Some pundits say managed services will become a commodity. I disagree. Managed services are not a single technology. Rather, managed service provider (MSP) platforms are a way to continually deliver new solutions to customers.
Think of it this way: As one managed service matures (for instance, managed storage) a new managed service will emerge (for instance, video surveillance). In order to show this visually, let's take a look at Gartner's famed Hype Cycle chart.
Now stick with me, and I'l quickly explain how I see the MSP market evolving.
According to Gartner, a technology moves through five phases:
- Technology trigger, such as a product launch that stirs media interest
- Peak of inflated expectations, where the hype is out of control
- Trough of disillusionment, where the press abandons the topic because of unmet expectations
- Slope of enlightenment, where the true survivors begin to benefit from the technology
- Plateau of productivity, where a technology's real-world benefits are now generally accepted
The chart above plots multiple services, and is part of a "Managed Service Reality Check" presentation I'm delivering today in New York. You can download a PDF of the presentation by visiting the MSPmentor Resource Center (registration required).
As MSPmentor's chart shows, I believe managed storage, security, VoIP, email and data center co-location services are moving into stage 5, the plateau of productivity. Generally speaking, progressive customers now broadly trust those managed services.
The SaaS Challenge
But other managed technologies -- particularly many software-as-a-service (SaaS) efforts -- are heading for the trough of disillusionment. That may actually be good news for MSPs, which could be called upon to help customers fine-tune their SaaS application performance.

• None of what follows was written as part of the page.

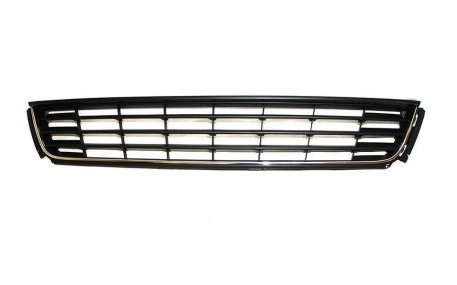 Решетка бампера Volkswagen Polo Sedan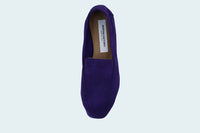 MARE VIOLA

Some SaaS companies (like Salesforce.com) have climbed the slope of enlightenment. But Wall Street and the press continue to hype SaaS as a perfect technology solution that will withstand an economic slowdown. That's quite an exaggeration.
To some extent, even MSPmentor is guilty of evangelizing SaaS because several of our key sources -- from SugarCRM CEO John Roberts to insiders at Dell -- remain so upbeat about SaaS.
Now Gaining Attention
In recent weeks, MSPmentor has also written about emerging opportunities like managed TelePresence, unified communications, video surveillance and digital signage. There's also growing interest in managed services based on open source hardware and software.
Some readers would assert that we are "hyping" those technologies. I'm not sure I agree, but I think it's safe to expect all of those technologies to eventually face some backlash.
One prime example: VARs that are merely reselling digital signage will crash-and-burn as LCD and plasma TV margins fall. The real trick is mastering the managed content services that push advertisements and other information out to that signage.
Please note: I realize plotting technologies on the Gartner Hype Cycle is an inexact science. Feel free to debate me on my technology placements. And let me know what additional technologies belong on the chart.
But don't miss my bigger point: When people say managed services will become a commodity, they are overlooking wave after wave of new services that will ride across MSP platforms.
In many ways, managed services are like an operating system platform. As long as new applications and services continue to debut, the underlying platform remains extremely valuable.